In deze zaak heeft de Rechtbank Den Haag op 24 november 2017 uitspraak gedaan in een geschil tussen eiseres, die een Ziektewet (ZW) uitkering ontving, en de Raad van bestuur van het Uitvoeringsinstituut werknemersverzekeringen (Uwv). Eiseres had haar uitkering per 1 mei 2017 beëindigd gekregen, omdat het Uwv van mening was dat zij weer arbeidsgeschikt was. Eiseres was van mening dat het medisch onderzoek niet zorgvuldig was uitgevoerd en dat haar beperkingen door het chronisch vermoeidheidssyndroom (CVS) onvoldoende waren erkend. Ze verzocht de rechtbank om een onafhankelijke deskundige te benoemen.
De rechtbank heeft vastgesteld dat het medisch onderzoek zorgvuldig was uitgevoerd. Er waren meerdere spreekuuronderzoeken en er was cardiologische expertise ingeschakeld. De verzekeringsartsen hadden alle klachten van eiseres in hun beoordeling meegenomen en er waren geen nieuwe medische gegevens die de eerdere conclusies van de verzekeringsartsen konden weerleggen. De rechtbank oordeelde dat de ZW-uitkering terecht was beëindigd, omdat eiseres in staat werd geacht om de voor haar geselecteerde functies uit te oefenen. De rechtbank verwierp de beroepsgronden van eiseres en verklaarde het beroep ongegrond.

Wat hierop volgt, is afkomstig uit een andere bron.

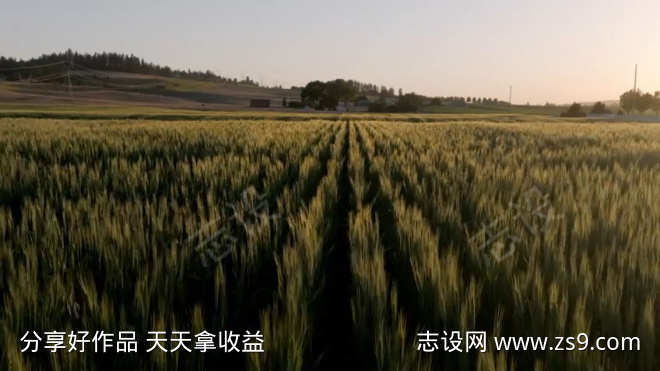 落日下平整的麦田地微动的麦穗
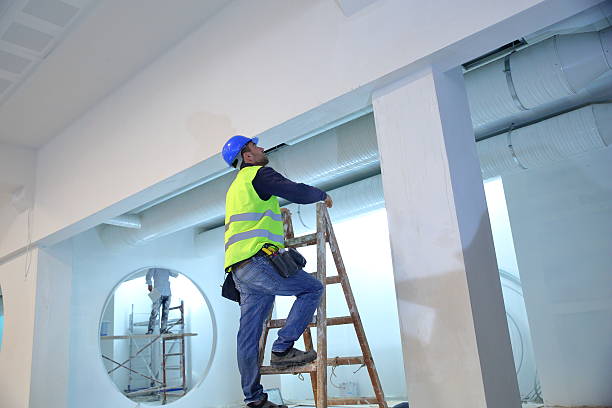 Best Mold Damage Restoration  in Barnesville, GA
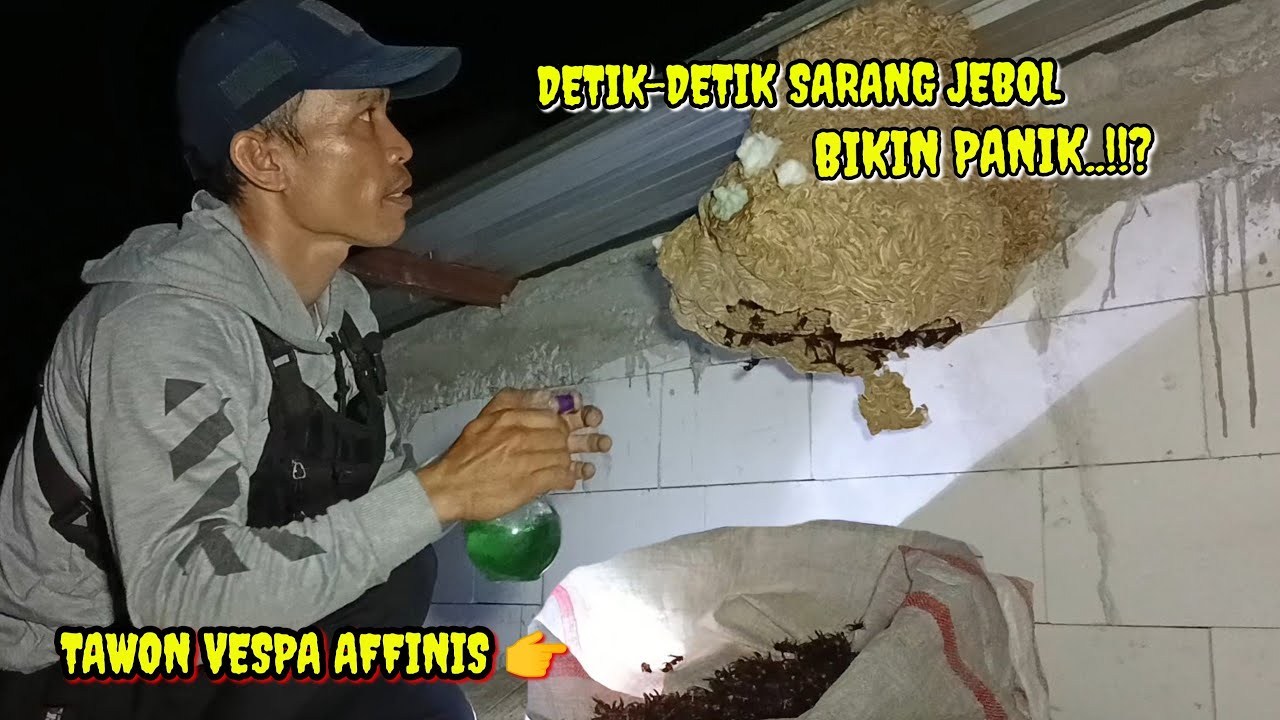 SARANG JEBOL..!!? GAK KUAT MENAHAN RIBUAN TAWON//TAWON VESPA AFFINIS@jaytawonpetualang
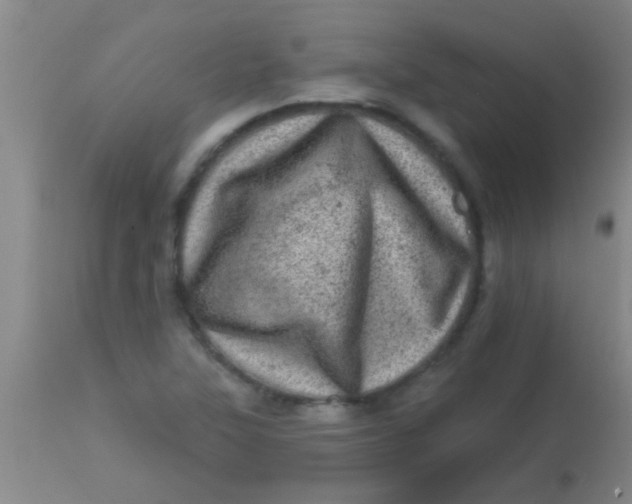 X0000113861315200910151227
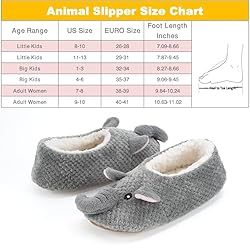 Cozylook Cute Animal Indoor Slippers for Women Kids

De uitspraak benadrukt het belang van zorgvuldigheid in medisch onderzoek en de rol van verzekeringsartsen bij het vaststellen van arbeidsongeschiktheid. De rechtbank concludeerde dat er geen reden was om te twijfelen aan de geschiktheid van eiseres voor de geduide functies en dat er geen aanleiding was voor een proceskostenveroordeling.